Here’s a look at some of the latest acquisitions at the Vertu Fine Art Gallery.
Tom Wesselmann, The Smoker
The Smoker is an embossed lithograph that contains some of Tom Wesselmann’s favorite things … a graceful hand, with dark red fingernails, holding a cigarette, and smoke wafting from a pair of full, red lips.

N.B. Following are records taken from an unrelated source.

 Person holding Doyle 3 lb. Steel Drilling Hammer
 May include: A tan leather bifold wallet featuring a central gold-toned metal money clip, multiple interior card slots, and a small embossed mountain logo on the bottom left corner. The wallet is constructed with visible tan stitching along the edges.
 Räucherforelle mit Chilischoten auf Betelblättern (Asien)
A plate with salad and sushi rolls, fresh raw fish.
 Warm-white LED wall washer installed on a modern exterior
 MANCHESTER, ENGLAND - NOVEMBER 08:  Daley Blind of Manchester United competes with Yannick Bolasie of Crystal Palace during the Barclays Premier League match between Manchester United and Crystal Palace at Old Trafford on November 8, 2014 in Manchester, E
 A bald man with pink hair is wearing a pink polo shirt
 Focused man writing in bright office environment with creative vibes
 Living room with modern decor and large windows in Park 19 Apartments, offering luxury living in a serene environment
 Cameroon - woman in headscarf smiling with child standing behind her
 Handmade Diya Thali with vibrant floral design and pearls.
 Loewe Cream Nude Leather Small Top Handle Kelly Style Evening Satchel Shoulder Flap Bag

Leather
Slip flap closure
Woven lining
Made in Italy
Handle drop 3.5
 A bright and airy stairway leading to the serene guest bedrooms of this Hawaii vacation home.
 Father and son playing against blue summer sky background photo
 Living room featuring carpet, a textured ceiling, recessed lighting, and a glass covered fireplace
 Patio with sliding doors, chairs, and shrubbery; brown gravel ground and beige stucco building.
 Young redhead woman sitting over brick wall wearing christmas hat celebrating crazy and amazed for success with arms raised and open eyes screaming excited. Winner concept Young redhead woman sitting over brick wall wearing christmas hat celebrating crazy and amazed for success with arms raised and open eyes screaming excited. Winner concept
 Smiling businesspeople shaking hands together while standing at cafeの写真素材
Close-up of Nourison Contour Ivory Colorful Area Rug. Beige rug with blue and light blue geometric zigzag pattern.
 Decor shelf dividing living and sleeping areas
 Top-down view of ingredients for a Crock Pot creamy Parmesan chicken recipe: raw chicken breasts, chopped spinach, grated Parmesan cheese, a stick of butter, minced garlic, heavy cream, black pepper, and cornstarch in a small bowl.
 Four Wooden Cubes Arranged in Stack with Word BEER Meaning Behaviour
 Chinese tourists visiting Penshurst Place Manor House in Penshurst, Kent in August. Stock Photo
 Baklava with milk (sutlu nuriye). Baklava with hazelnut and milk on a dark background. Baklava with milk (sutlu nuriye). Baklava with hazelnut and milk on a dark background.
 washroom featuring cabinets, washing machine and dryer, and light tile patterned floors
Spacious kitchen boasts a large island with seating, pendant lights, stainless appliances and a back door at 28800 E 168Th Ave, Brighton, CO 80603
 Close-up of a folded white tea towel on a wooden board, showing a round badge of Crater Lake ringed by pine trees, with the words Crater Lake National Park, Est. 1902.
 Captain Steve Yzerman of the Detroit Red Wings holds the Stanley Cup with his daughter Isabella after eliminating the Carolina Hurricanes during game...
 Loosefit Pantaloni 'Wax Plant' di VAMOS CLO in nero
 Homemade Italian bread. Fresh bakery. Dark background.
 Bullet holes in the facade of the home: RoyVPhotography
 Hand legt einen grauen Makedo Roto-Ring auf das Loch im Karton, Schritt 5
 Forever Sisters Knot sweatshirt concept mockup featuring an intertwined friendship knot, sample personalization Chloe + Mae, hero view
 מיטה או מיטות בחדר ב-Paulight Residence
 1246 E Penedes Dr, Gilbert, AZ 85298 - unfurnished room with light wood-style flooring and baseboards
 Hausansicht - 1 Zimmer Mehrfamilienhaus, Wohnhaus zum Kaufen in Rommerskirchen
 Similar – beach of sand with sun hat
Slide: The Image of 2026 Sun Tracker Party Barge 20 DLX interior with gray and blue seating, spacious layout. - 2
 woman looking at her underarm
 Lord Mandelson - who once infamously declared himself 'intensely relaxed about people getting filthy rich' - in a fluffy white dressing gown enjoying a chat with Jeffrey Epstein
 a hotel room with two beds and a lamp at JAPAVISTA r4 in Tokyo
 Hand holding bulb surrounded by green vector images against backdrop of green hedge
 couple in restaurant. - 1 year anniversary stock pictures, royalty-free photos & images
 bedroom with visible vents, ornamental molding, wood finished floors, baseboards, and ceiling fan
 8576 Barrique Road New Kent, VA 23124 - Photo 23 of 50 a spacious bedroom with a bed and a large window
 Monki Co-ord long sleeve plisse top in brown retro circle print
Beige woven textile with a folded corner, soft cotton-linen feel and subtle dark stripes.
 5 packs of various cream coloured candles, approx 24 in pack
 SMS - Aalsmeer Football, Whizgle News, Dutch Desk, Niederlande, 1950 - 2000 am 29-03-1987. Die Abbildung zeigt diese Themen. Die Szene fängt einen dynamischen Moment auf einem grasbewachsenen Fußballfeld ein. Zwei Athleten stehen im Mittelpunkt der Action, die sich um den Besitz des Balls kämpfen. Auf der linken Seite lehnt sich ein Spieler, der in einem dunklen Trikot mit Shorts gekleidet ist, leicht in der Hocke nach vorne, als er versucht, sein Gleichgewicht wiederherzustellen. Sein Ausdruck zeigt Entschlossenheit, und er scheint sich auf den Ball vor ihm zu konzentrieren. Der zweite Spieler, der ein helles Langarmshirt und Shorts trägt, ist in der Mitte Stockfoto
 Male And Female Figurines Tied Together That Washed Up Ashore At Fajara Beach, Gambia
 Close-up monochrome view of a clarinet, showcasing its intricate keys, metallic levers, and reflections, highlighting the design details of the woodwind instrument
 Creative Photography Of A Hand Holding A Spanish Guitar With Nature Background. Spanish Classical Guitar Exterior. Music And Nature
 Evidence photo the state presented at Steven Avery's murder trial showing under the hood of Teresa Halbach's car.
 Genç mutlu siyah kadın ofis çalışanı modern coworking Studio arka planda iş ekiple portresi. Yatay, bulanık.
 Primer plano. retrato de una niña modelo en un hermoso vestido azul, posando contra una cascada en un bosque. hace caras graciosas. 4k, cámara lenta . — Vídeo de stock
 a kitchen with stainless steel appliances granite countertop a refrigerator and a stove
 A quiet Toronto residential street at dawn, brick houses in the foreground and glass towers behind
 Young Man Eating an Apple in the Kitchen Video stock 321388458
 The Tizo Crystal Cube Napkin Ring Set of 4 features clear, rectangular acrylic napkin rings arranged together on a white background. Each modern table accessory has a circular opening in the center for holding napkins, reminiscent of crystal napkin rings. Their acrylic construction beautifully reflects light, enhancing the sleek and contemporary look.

A true Renaissance Man, Tom Wesselmann had a degree in Psychology and went to Cooper Union to study Fine Art. He became a consummate New Yorker who loved, and wrote, country music (his song, I Love Doing Texas With You was included in the Brokeback Mountain movie soundtrack). He wrote a book about himself called Wesselmann, using the pseudonym, Slim Stealingworth. In Wesselmann’s own words, he wrote (as Stealingworth), “Many critics have described Tom Wesselmann as the most underrated painter of the American Art world of the 1960’s.”
Andy Warhol, Vote McGovern, Chicken and dumplings, Lifesavers
During the contentious election of 1972, the country was in the throes of the Viet Nam war and the Civil Rights movement. Alabama Governor, George Wallace, declared himself to be a Democratic presidential candidate along with George McGovern. McGovern, of course, wound up running against Richard Nixon, and Warhol was asked to contribute to the McGovern campaign.
In typical Warhol style, he created a demonic image of Nixon, with the simple slogan, Vote McGovern below the maniacal face. Simple, subtle, powerful and so very Warhol. If only he were around for this election… Also available in our gallery are Andy Warhol’s Chicken and dumplings and Lifesavers.
Roy Lichtenstein, Shipboard Girl
In the wake of his 1964 painting, Nurse, selling at Christie’s for $95.3 million a few weeks ago, Roy Lichtenstein’s artwork has become more desirable than ever. Created a year after Nurse, Shipboard Girl has the same mysterious and sensual feeling.
With no thought or speech bubble, it’s up to the viewer to imagine what is on Shipboard Girl’s mind. Maybe she’s thinking, “I’m getting a fine art print for Christmas. Maybe a Lichtenstein.”
Alex Katz, Red Hat Ada
Red Hat Ada is a recent work, a woodcut, of the muse (and wife) that Katz has been painting for more than fifty years.
Jeff Koons, Puppy Vase
The art of Jeff Koons isn’t always practical, but it’s always fun. His first Puppy sculpture was a 43-foot high topiary, installed on the terrace of Spain’s Guggenheim Museum, that supported about 60,000 flowers.
The Puppy Vase in our gallery is just 17 inches high. It can hold a bouquet of flowers and, unlike the original, doesn’t need to be tended to by a staff of gardeners.
Banksy, Choose Your Weapon
Banksy painted Choose Your Weapon on a London wall. No Timmy and Lassie here. The boy and his Keith Haring dog, in Choose Your Weapon, appear menacing and disenfranchised.
Banksy always gives his audience a lot to think about and Choose Your Weapon is no exception.
Kaws, You Should Know I Know
You Should Know I Know is the first screenprint that Kaws created this year.
Fans of Kaws (Brooklyn-based artist Brian Donnelly) will recognize elements of his creation, Companion, the Mickey Mouse-like character that appears in many of his drawings, sculptures and even as a float in the 2012 Macy’s Thanksgiving Day Parade.